Whether a request for specific written authorization can be gleaned from the setting of the subject matter, surrounding circumstances, and apparent purpose is, we think, denied by the mould into which these separate considerations are cast. The purpose of the Second War Powers Act, 50 U.S.C.A.Appendix, § 633, was promulgated in the interest of national security and for the defense of the nation. It provides that the President may allocate any materials where a shortage is threatened. He may exercise any power and authority conferred on him through such agency as he may choose and subject it to the rules he may prescribe. With this as his authority the President established the War Production Board and conferred upon it the authority and powers vested in him by Congress.

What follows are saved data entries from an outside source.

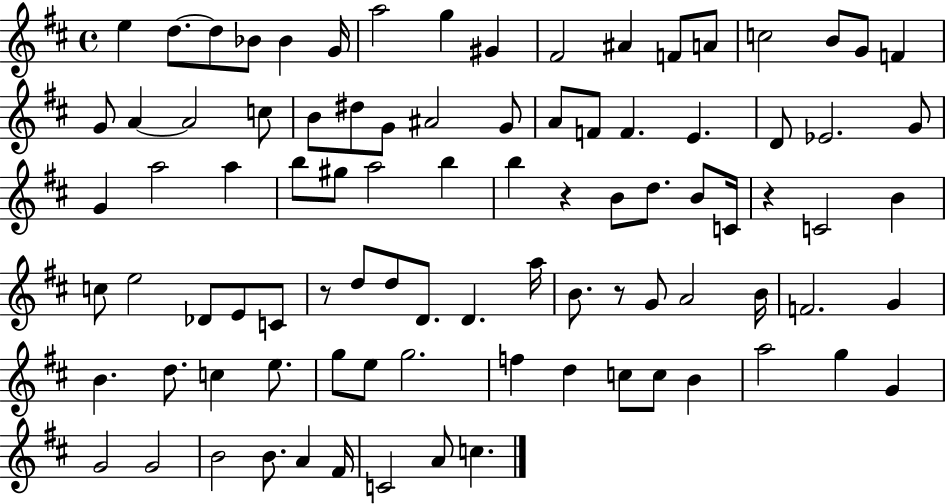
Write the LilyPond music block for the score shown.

{
  \clef treble
  \time 4/4
  \defaultTimeSignature
  \key d \major
  e''4 d''8.~~ d''8 bes'8 bes'4 g'16 | a''2 g''4 gis'4 | fis'2 ais'4 f'8 a'8 | c''2 b'8 g'8 f'4 | \break g'8 a'4~~ a'2 c''8 | b'8 dis''8 g'8 ais'2 g'8 | a'8 f'8 f'4. e'4. | d'8 ees'2. g'8 | \break g'4 a''2 a''4 | b''8 gis''8 a''2 b''4 | b''4 r4 b'8 d''8. b'8 c'16 | r4 c'2 b'4 | \break c''8 e''2 des'8 e'8 c'8 | r8 d''8 d''8 d'8. d'4. a''16 | b'8. r8 g'8 a'2 b'16 | f'2. g'4 | \break b'4. d''8. c''4 e''8. | g''8 e''8 g''2. | f''4 d''4 c''8 c''8 b'4 | a''2 g''4 g'4 | \break g'2 g'2 | b'2 b'8. a'4 fis'16 | c'2 a'8 c''4. | \bar "|."
}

The WPB's orders are published in the Federal Register and authorization, or the lack of it, is to be found by a business man in the order applicable to the materials he uses. Shreveport Engraving Co., Inc., v. United States, 5 Cir., 143 F.2d 222, 225. If a material is not mentioned in the terms of a pertinent WPB order, then it follows that its use is not restricted by that order. It is unnecessary to send permits directly to individual members of industry, for written affirmative permits would tend to snarl the Government's utilitarian policy of restrictive use of vital materials. It follows, therefore, that the subject matter and surrounding circumstances involved here obviates the necessity of specific written authorization from the WPB to the defendant.

Further, and even more convincing, there is defendant's act approving M-104 as a satisfactory authorization from the WPB. This is subject to proof, but the agent who signed the principal's letter making the offer and then acquiesced in plaintiffs' conformance has bound his principal. New Jersey Shipbuilding Dredging Co. v. Long Beach on the Ocean, D.C., 12 F.2d 111.

Defendant's letter also requested authorization from the WPB permitting Gutmann to reline the caps. Plaintiffs allege a negative authorization in that M-104 does not forbid relining bottle caps; therefore, such an act must be permitted. As in the previous consideration of the purpose of the Second War Powers Act, such a conclusion is inevitable, because under the Act the resultant orders and directives were designed in an emergency and equipped to counteract threatened shortages of critical materials. To have saddled the WPB with the task of affirming individual citizen's contracts would be to throttle instead of facilitating the war effort. Defendant expressed satisfaction with M-104, as amended, and such satisfaction must be construed to extend to the work to be done by Gutmann, because the caps sent to Gutmann were to remain in the ownership of defendant and the WPB's approval of any work to be done upon the caps is satisfactory if the approval is conveyed to and endorsed by defendant.

Moreover, as we have noted, other prerequisites necessary to the existence of a contract, acceptance of the offer and consideration, are alleged in the amended complaint. These allude to defendant's subsequent conduct which appears to acknowledge the existence of the contract. A summary judgment is proper only when there is no genuine issue as to any material fact. Rule 56(c), Federal Rules of Civil Procedure, 28 U.S.C.A. following § 723c. It follows that the amended complaint sufficiently raised the issue of the existence of a contract, which plaintiff was entitled to have tried in the ordinary manner as an issue of fact.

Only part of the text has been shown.